At this moment in Hejnum’s story, I´m almost exclusively using fineliners of different brands and a whole lot of thick sketching papers. I buy most of my daily equipment at an art store. And yes, I always leave the store with more stuff than I intended to. That's the biggest problem with working with your hobby. I usually dive into things, and I of course have done so throughout the years of creativity. Two of my biggest dives was photography (which led to about 6 months in a dark room) and painting big scale with acrylic and oil on canvas.
Do you look to innovate or experiment with new forming and finishing techniques with each new collection, or is there a traditional process you adhere to?
As I said earlier, I tend to dive into my interests with all my heart for a period of time. So, the answer is, if that period shifts just in time for a new collection there will be a shift in how I make the creations. But if it doesn’t shift, then I’m continuing the way I did before. I can’t force how I make my creations. It shows if I’m not into it with all my heart. Having that said, I do wish for more time to just be able to experiment with both material and tools within each period of time.
You have produced an exclusive collaboration with The Loppist. Tell us about it and what you were trying to achieve with this collaboration?What was it about this theme that inspired or specifically appealed to you?
I wanted to create a special origami illustration for The Loppist, because I believe that my origami style is a perfect match to what The Loppist express. Elephants is animals that I personally love and care about, so I didn't have to think about what I'd make for too long.
Can you share with us a little known detail about the design process that you have discovered?
I almost never throw anything away. I tend to keep on going on the same piece of paper until it's full, even if I’m not quite happy with the result. I know that even if not all of it makes it to the printer, it´s usually mostly in my head what is good and what is not. My experience is that if you leave it for a while you see other things, and appreciate it more when you look at it again.
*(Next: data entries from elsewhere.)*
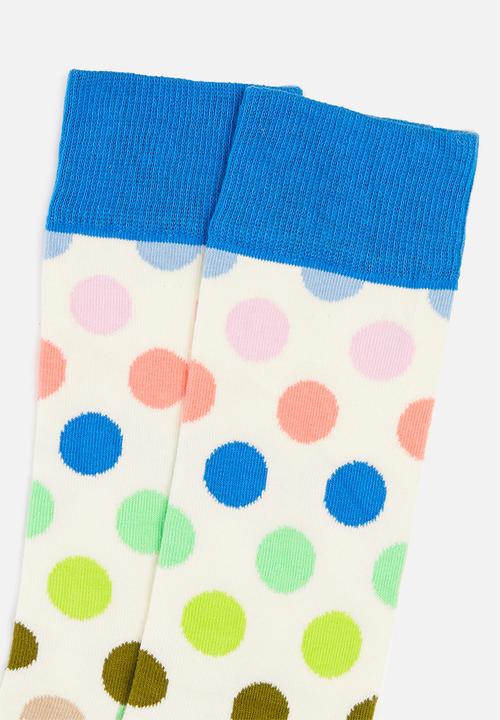 Happy Socks - Big dot socks - multi
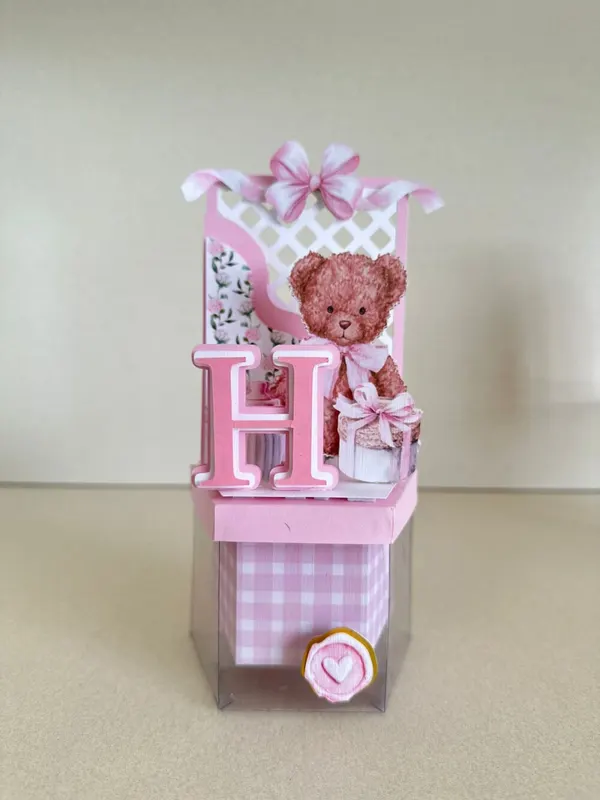 Kit elegance Chá de Bebê Personalizado 20 Peças | Papelaria Personalizada Premium, foto 4 de 6
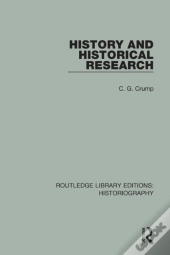 History And Historical Research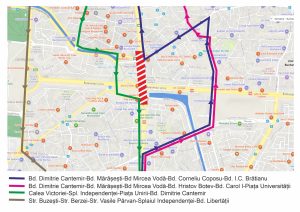 Comunicate de presă | Brigada Rutieră a trasat rutele alternative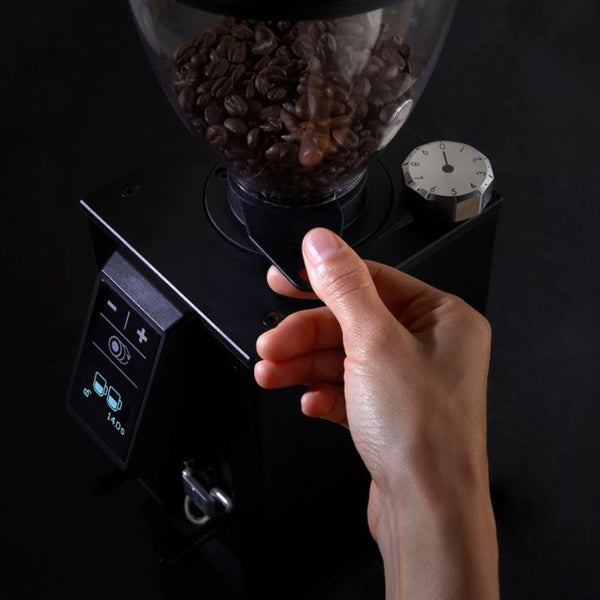Macap Leo 55 Coffee Grinder - satin black
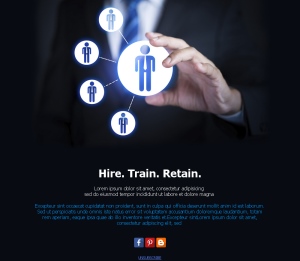 Dynamic HR Recruiting Templates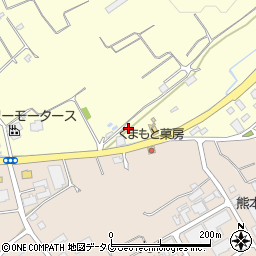 熊本県熊本市東区小山町1987周辺の地図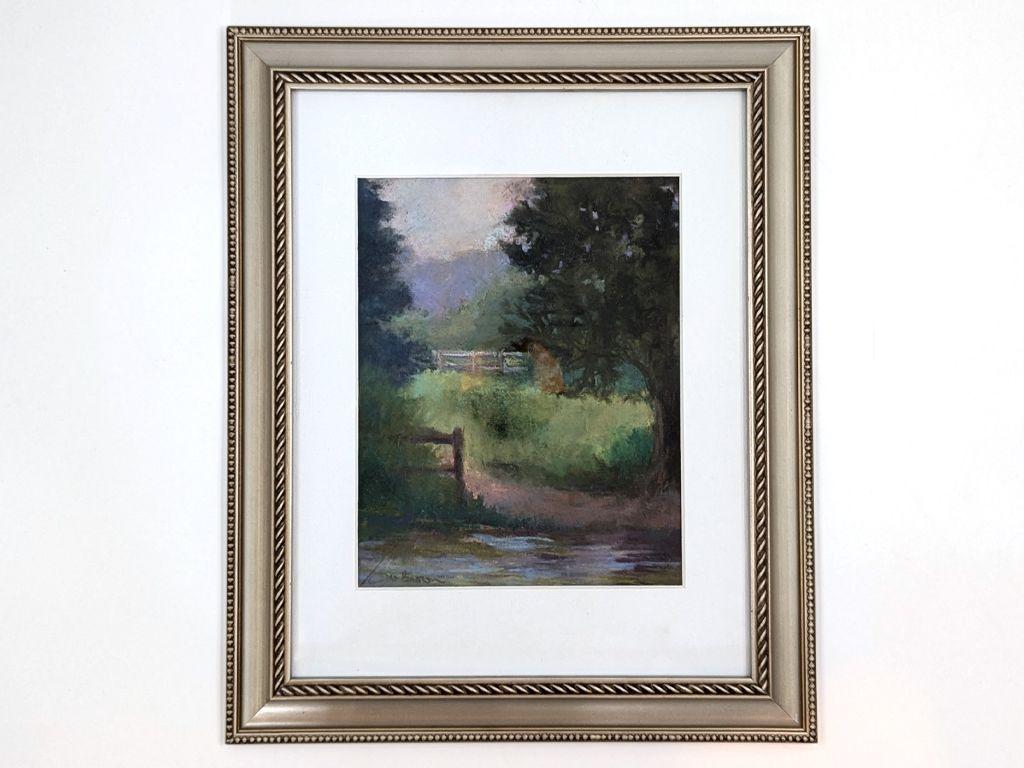 ''Country Scene'' by Judy Brown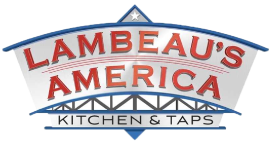 Lambeau's America logo scroll - Homepage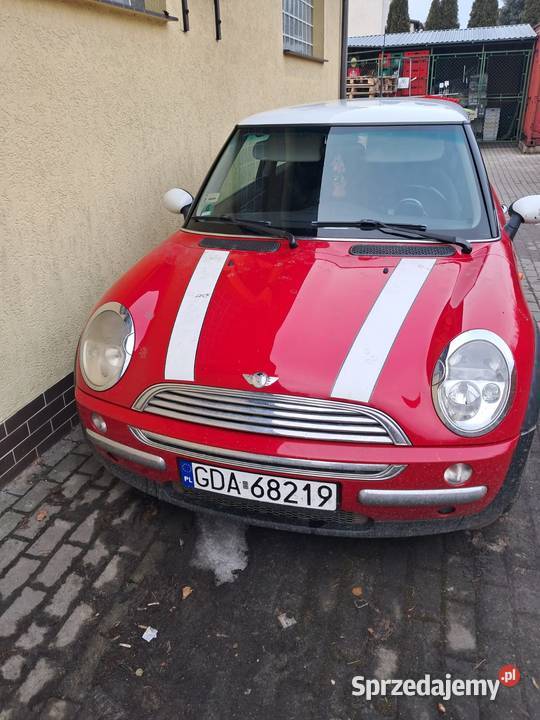 Syndyk sprzeda samochód mini cooper prod 2006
So the picture of the artist that wrinkles the paper in front of her, is not me.
“ I´m a - try everything at least once, never stagnate in one category and feel free to dive into things, type of designer.”
In one sentence, how would you define yourself as a designer?
Only one sentence? Ok, here it goes: I´m a - try everything at least once, never stagnate in one category and feel free to dive into things, type of designer.
As a designer when are you the happiest, why?
It is most definitely when I have hours of desk time in front of me, feel good music in my studio and flow in my creation. Nothing beats that feeling.
Why did you decide to collaborate with The Loppist?
I really like this concept of storytelling in combination of buying the creations of every artist/creator collaborating with The Loppist. I think this is because I personally enjoy to know where the things that I purchase is from, and who's made them. I’m interested in people, in creators, and the story behind it all.
What do you have lined up in 2015?
The absolute biggest news is my book release of ”Telefonkonst” (Telephone-art) in October, which is a drawing book for anyone who wants to learn how to draw small repetitive patterns like Hejnum. I also have several new motiv to release, and a calendar which I´m very proud of. Next year there will be several new products in stores, hopefully in several countries as well.